Publication number: US20150024809A1
Application number: US14/140,071
Authority: US
Inventors: Yu-Chia Huang
Original assignee: Chiun Mai Communication Systems Inc
Current assignee: Chiun Mai Communication Systems Inc
Priority date: 2013-07-19
Filing date: 2013-12-24
Publication date: 2015-01-22
Also published as: TW201504788A

Abstract

A sliding mechanism for an electronic device comprises a mounting plate, a slide plate, a first magnet, and a second magnet. The slide plate is installed on the mounting plate and is slidable relative to the mounting plate. The first magnet is mounted to the mounting plate. The second magnet is mounted to the slide plate. A magnetic pole of the first magnet faces toward the same magnetic pole of the second magnet.

Description

BACKGROUND

1. Technical Field
The present disclosure generally relates to sliding mechanisms, and particularly to a portable electronic device with two or more housings using a sliding mechanism to allow one housing to slide relative to another housing.
2. Description of Related Art
Slide-type portable electronic devices have at least two housings, wherein one housing slides over the other to open/close the portable electronic device.
A sliding mechanism is used in the slide-type portable electronic device for opening/closing the electronic device and enabling/disabling functions corresponding to the open and closed states. However, the sliding mechanism is often complex and has a high cost.
Therefore, there is room for improvement within the art.

BRIEF DESCRIPTION OF THE DRAWINGS

Many aspects of the slide mechanism for slide-type portable electronic device can be better understood with reference to the following drawings. The components in the drawings are not necessarily drawn to scale, the emphasis instead being placed upon clearly illustrating the principles of the slide mechanism for slide-type portable electronic device.
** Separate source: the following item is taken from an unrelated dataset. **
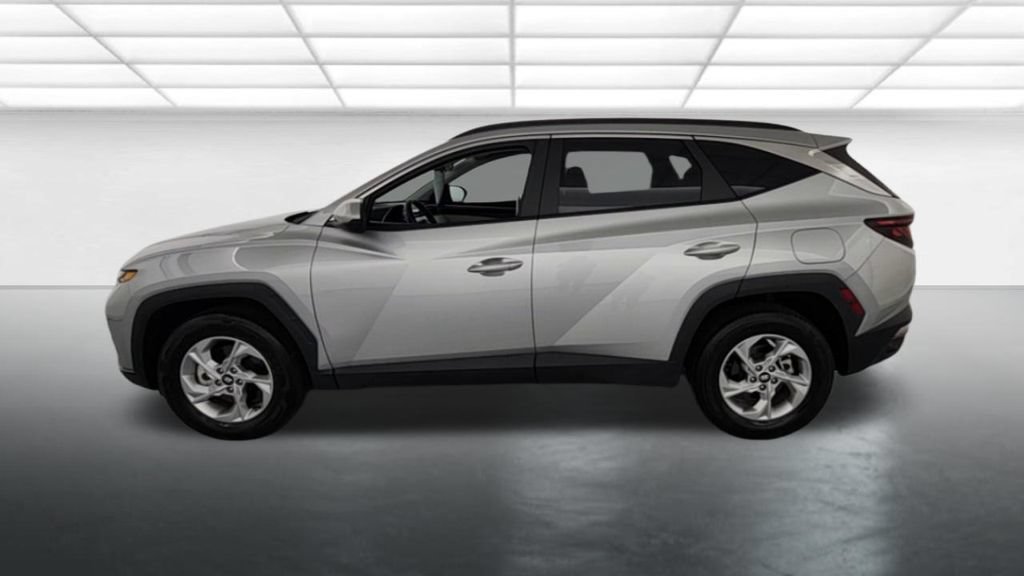 Used 2024 Hyundai Tucson SEL AWD/4WD image 6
Moreover, in the drawings, like reference numerals designate corresponding parts throughout the several views.

FIG. 1 is an exploded, isometric view of an embodiment of a portable electronic device using a sliding mechanism.
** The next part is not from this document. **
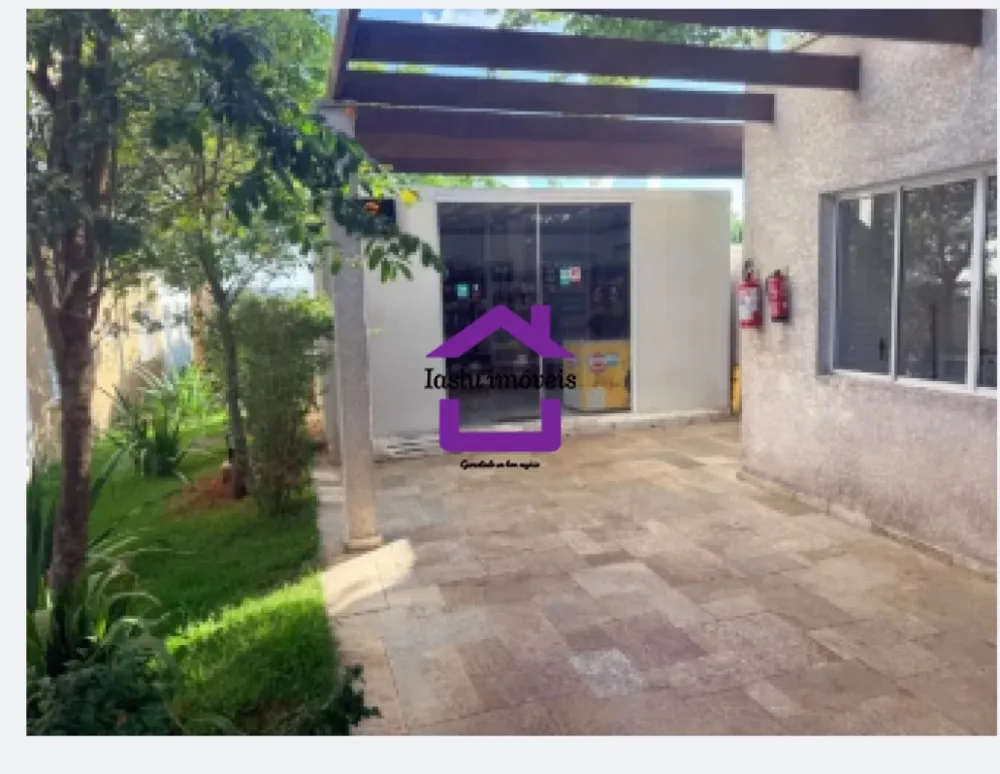 Apartamento, 1 quarto, 24 m² - Foto 11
FIG. 2 is similar to FIG. 1, but shown from another angle.

FIG. 3 is an assembled view of the portable electronic device.

FIG. 4 is a cross-sectional view of FIG. 3 in a closed state.

FIG. 5 is similar to FIG. 4, but shows the portable electronic device in a partially-open state.

FIG. 6 is similar to FIG. 4, shows the portable electronic device in an open state.

DETAILED DESCRIPTION

The disclosure is illustrated by way of example and not by way of limitation in the figures of the accompanying drawings in which like references indicate similar elements. It should be noted that references to “an” or “one” embodiment in this disclosure are not necessarily to the same embodiment, and such references mean “at least one.”
FIGS. 1 and 2 show an exemplary slide mechanism 13 used in a slide-type portable electronic device 100, such as a mobile phone. The portable electronic device 100 comprises a first housing 11 and a second housing 12 engaging with the first housing 11. The slide mechanism 13 is located between the first housing 11 and the second housing 12 to slide the first and second housings 11 and 12 relative to each other. The slide mechanism 13 comprises a mounting plate 117, a magnet detector 115, a slide plate 137, a first magnet 30, a second magnet 50, and a printed circuit board 70.
In the embodiment, the first housing 11 is a base body of the portable electronic device 100. A keypad 111 is located on a first surface of the first housing 11, and a recess 113 is defined adjacent to the keypad 111. The recess 113 is for receiving the mounting plate 117. A receiving groove 1131 is defined in the recess 113 adjacent to a first side of the recess 113 for receiving the printed circuit board 70.
The second housing 12 has a shape corresponding to a shape of the first housing 11. A first surface of the second housing 12 defines an accommodating groove 133, and a projecting plate 135 is formed in the accommodating groove 133. The projecting plate 135 is configured for connecting to the slide plate 137. A substantially rectangular notch 1351 is defined in a side edge of the projecting plate 135.
The mounting plate 117 is assembled in the recess 113 by fasteners and covers the printed circuit board 70. A side edge of the mounting plate 117 defines a notch 1171, and a longitudinal slot 1173 is defined in a substantially middle portion of the mounting plate 117. The notch 1171 receives the magnet detector 115, and the longitudinal slot 1173 is used for guiding a movement of the slide plate 137.
The magnet detector 115 is mounted on the printed circuit board 70. The magnet detector 115 detects a position of the second magnet 50 and transmits a signal to the printed circuit board 70. The printed circuit board 70 further transmits the signal to the portable electronic device 100 for determining an open or closed state of the portable electronic device 100 to allow or disable functions of the keypad 111. In one exemplary embodiment, the magnet detector 115 is a Hall-effect sensor.
The slide plate 137 forms a guiding block 131 on a first surface thereof for being slidably received in the slot 1173. The guiding block 131 is substantially T-shaped and comprises a neck portion 1311 and an extending portion 1313 integrally formed together. The neck portion 1311 has a smaller size than the slot 1173 to allow the neck portion 1311 to extend through the slot 1173. The extending portion 1313 has a larger size than the slot 1173. Thus, the guiding block 131 is latched in the slot 1173. A second surface of the slide plate 137 defines a retaining groove 1371 corresponding to the notch 1351.
The first magnet 30 is mounted to the mounting plate 117 and adjacent to the notch 1171. The first magnet 30 has a south pole S and a north pole N along a polar axis. The longitudinal axis of the first magnet 30 is substantially parallel to the longitudinal axis of slot 1173. The polar axis of the first magnet 30 is substantially perpendicular to the longitudinal axis of the slot 1173.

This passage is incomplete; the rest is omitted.